As we go about our lives, according to O’Keane, we tag experiences with emotions, which are then triggered later as we are reminded of them, but we never re-live them in quite the same way. “Is there ever a boundaried memory untouched by the present, like a walled cement garden?” she writes. The answer in her view is decidedly no, for each time we recall a moment, it is colored by who we have become since it happened.

“If there is anything that I have learned from my work with mentally ill patients it is that the achievement of an easy equilibrium between oneself and the world is what determines one’s happiness,” O’Keane writes.

O’Keane’s book will be useful for anyone looking for a deep dive into how memory works, but it is not as much of a page-turner as “Projections.” Still, I was moved by both authors’ concerns for their patients and acknowledgement that science has only scratched the surface of learning how psychiatric illness works at a fundamental level in the brain.
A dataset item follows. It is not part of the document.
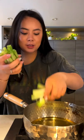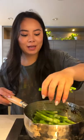Add in the white parts of the green onion and fry for 10 minutes. Then add in the rest of the green onion and fry for another five to ten minutes. Remove the green onion, then add in soy sauce and dark soy sauce.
The double-edged sword here is that you are not alone, but also, no one really understands.

Yet, there is hope. The stories in both works reveal a range of humanity that is barely understood by people who devote their lives to the study of mental illness and is often stigmatized by those who do not. They are in some sense thank-you notes to the patients who have taught the authors about the nature of the brain and given them more to investigate in the future.

And while a person battling with delusions of paranoia may seem far removed from academic papers on genetically engineered mice, both authors argue that the gap between laboratory insights and clinical practice is narrowing. “As this science develops, psychiatric illness will become a major target of investigation, and I believe this will be the beginning of the ending of the stigmatization of psychiatric illness,” O’Keane writes.

“An important caveat here,” she adds, “is that most of my patients do not feel similarly optimistic.”